# [DATA EXCERPTS]
"""

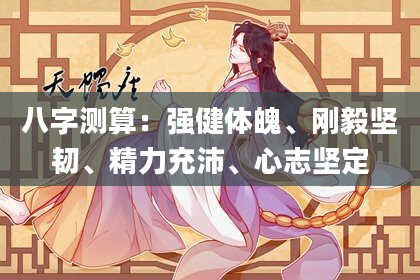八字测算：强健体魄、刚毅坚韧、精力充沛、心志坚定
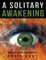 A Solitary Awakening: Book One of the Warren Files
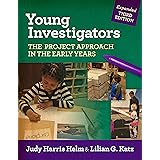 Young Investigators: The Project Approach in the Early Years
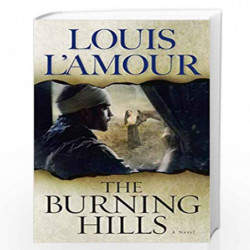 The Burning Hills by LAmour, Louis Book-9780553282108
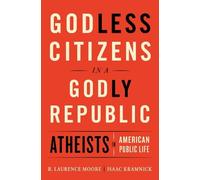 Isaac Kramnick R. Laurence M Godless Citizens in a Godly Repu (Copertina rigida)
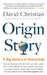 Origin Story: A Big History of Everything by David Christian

"""
"""

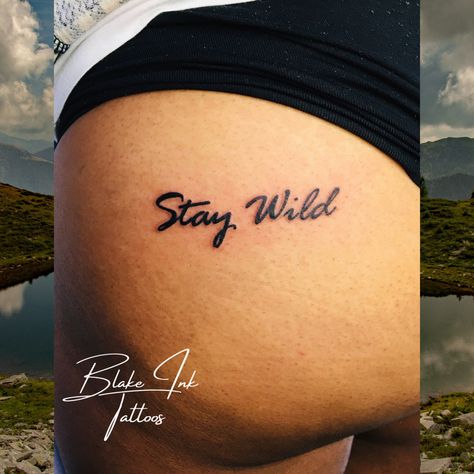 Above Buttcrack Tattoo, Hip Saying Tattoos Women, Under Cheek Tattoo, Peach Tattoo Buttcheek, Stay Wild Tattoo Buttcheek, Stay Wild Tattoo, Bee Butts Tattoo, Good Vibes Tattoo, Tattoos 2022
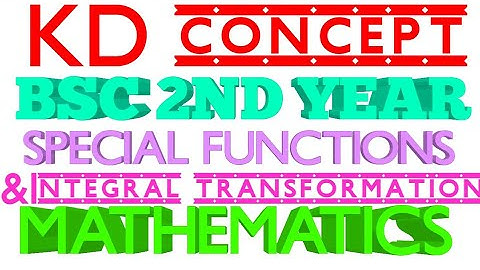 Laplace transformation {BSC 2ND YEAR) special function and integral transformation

"""
"""

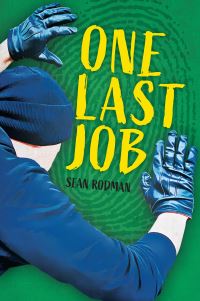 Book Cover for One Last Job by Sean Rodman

"""

# [REQUIRED WORK]
Look above for the line containing "八字测算：强健体魄、刚毅坚韧、精力充沛、心志坚定" and the line containing "Isaac Kramnick R.", then reproduce both and everything between them exactly, pictures omitted.

# [ANSWER TO THIS PROBLEM]
八字测算：强健体魄、刚毅坚韧、精力充沛、心志坚定
 A Solitary Awakening: Book One of the Warren Files
 Young Investigators: The Project Approach in the Early Years
 The Burning Hills by LAmour, Louis Book-9780553282108
 Isaac Kramnick R. Laurence M Godless Citizens in a Godly Repu (Copertina rigida)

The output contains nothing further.